How to Revive Your Nursing Home’s AED Policy and Avoid A Worst-Case Scenario


In an ideal world, every staff member in a nursing home would be an expert in using an AED (Automated External Defibrillators). But, as we all know, things aren't always how we would like them to be.

Although AEDs are designed to be simple to use - even by those who are not trained - there are extra risks involved when using one on a vulnerable or sick person.

In the USA, someone dies of a cardiac arrest almost every two minutes. Defibrillating a victim of an SCA (Sudden Cardiac Arrest) within 3-5 minutes can boost chances of survival from 6% to 74%!

Therefore, it’s best you keep your AED policy and staff members up to date. With a well developed and implemented AED policy, anyone who works in your nursing home will be better prepared to save a life and save a family from suffering a terrible tragedy.

So, here’s a quick checklist of points you should cover in your AED policy, as recommended by the American Heart Association.

Cover the legal aspects

Make sure your policy covers the legal aspects and that your staff understands them too. Many organizations across America are concerned about their liability for getting and using AEDs, which may also make your staff hesitant in using one.

All 50 states and the District of Columbia now include using an AED as part of their Good Samaritan laws. Under the Cardiac Arrest Survival Act of 2000 persons using the AED and the purchaser of the AED device have limited immunity.

The act also encourages the placement of AEDs in federal buildings and ensures federal liability protection for those who acquire or use an AED to help save a life.

Therefore, you and your staff should not be in fear of using an AED, but in fact, feel empowered to save a life.

Guarantee easy access to AEDs

When an SCA strikes, timing is crucial. You only have 3-5 minutes to save a life.

This is why everyone should know where to find an AED immediately, wherever they are. They should be in places that are easy to access in a rush.

Don’t keep your AEDs a secret.
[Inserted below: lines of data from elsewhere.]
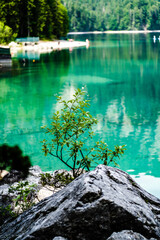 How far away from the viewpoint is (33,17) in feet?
295

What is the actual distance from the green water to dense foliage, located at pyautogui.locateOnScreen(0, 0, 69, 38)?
149 feet

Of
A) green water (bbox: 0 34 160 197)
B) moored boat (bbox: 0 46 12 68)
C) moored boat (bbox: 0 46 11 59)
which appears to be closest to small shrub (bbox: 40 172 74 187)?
green water (bbox: 0 34 160 197)

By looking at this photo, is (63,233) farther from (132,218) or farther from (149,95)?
(149,95)

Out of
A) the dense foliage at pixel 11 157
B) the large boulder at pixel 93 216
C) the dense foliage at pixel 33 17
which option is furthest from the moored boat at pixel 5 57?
the large boulder at pixel 93 216

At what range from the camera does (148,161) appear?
12336 mm

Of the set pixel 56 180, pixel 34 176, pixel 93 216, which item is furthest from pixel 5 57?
pixel 93 216

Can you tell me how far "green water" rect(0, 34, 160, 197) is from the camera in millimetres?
12609

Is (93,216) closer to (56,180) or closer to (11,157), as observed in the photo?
(11,157)

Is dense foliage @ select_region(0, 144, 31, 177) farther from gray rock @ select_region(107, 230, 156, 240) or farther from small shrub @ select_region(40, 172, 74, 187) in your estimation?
gray rock @ select_region(107, 230, 156, 240)

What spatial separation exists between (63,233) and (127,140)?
11420mm

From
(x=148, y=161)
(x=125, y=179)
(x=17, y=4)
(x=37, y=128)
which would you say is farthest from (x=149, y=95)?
(x=17, y=4)

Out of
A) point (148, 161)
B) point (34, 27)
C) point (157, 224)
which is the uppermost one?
point (34, 27)

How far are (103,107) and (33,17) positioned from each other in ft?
246

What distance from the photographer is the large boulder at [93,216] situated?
10.2 feet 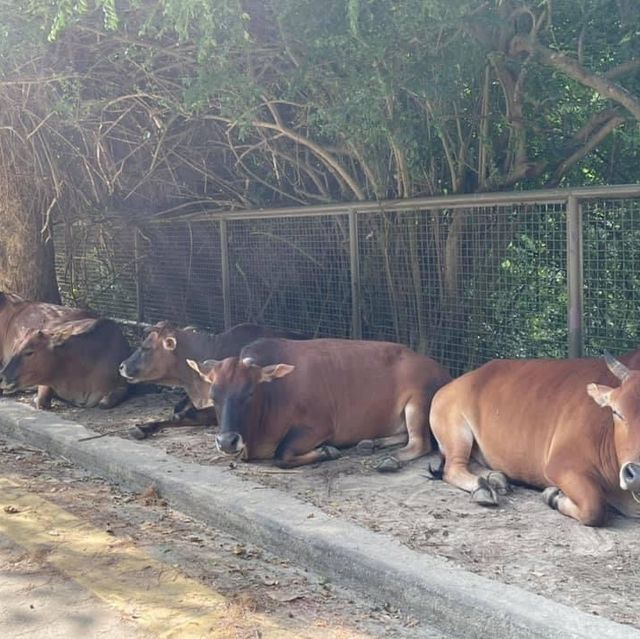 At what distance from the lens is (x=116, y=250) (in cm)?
1288

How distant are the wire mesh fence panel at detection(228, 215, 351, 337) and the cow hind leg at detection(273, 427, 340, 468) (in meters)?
2.28

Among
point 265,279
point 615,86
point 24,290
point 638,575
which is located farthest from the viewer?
point 24,290

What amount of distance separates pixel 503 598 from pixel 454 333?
3982mm

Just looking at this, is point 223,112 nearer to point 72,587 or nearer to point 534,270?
point 534,270

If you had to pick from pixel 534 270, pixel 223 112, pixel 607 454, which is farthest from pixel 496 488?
pixel 223 112

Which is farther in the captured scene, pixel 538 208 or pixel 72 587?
pixel 538 208

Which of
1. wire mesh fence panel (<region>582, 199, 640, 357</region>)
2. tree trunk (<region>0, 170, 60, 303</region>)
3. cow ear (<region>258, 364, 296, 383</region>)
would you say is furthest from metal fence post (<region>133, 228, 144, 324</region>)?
wire mesh fence panel (<region>582, 199, 640, 357</region>)

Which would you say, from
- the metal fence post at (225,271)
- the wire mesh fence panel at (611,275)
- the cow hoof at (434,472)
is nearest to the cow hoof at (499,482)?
the cow hoof at (434,472)

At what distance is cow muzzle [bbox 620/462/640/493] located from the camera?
4816 mm

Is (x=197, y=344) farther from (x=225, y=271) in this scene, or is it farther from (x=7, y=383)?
(x=225, y=271)

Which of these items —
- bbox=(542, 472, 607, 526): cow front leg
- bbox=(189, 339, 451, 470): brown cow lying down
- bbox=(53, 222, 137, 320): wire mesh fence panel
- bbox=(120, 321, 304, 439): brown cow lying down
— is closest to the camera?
bbox=(542, 472, 607, 526): cow front leg

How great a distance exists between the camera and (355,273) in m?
A: 8.90

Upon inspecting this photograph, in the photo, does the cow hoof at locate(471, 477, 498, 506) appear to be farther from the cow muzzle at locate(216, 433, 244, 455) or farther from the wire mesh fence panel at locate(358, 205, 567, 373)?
the wire mesh fence panel at locate(358, 205, 567, 373)

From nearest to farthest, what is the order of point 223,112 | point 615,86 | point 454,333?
point 615,86, point 454,333, point 223,112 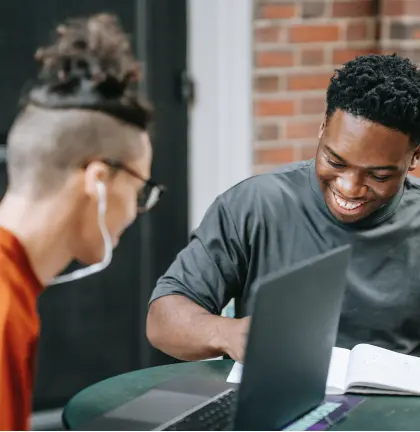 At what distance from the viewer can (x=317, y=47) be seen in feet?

Depending on the size of your nursing home, you may need several devices in several locations. Remember an SCA can happen anywhere, any moment, and without warning.

Develop a maintenance and support routine

Like you would with other facilities, it’s important to do regular inspections of your AEDs to ensure they are in working order. You can talk with your AED supplier about this, they can advise on updates or upgrades needed.

For peace of mind, you may want to arrange a support program so you can ensure your devices are maintained and will not let you down if ever an emergency arises.

You’ll probably want to make sure that technical support is available when needed. See how responsive the technical support number is. Is a representative available to help you right away? Are you on hold for a long time? Does your call go to voice mail? These are all worthy questions to ask.

Work with medical professionals

When implementing your AED program, you may require a physician’s prescription to purchase an AED. So, work closely with a trusted physician as they may be responsible for signing off on or making recommendations for any plans or policies involving an AED.

You should also work closely with your local Emergency Medical Services (EMS), as this is a requirement in most states. Your local EMS will need to be provided with follow-up data after the use of any AED.

These are, of course, only the fundamental points but will be really useful places to start implementing your AED policy.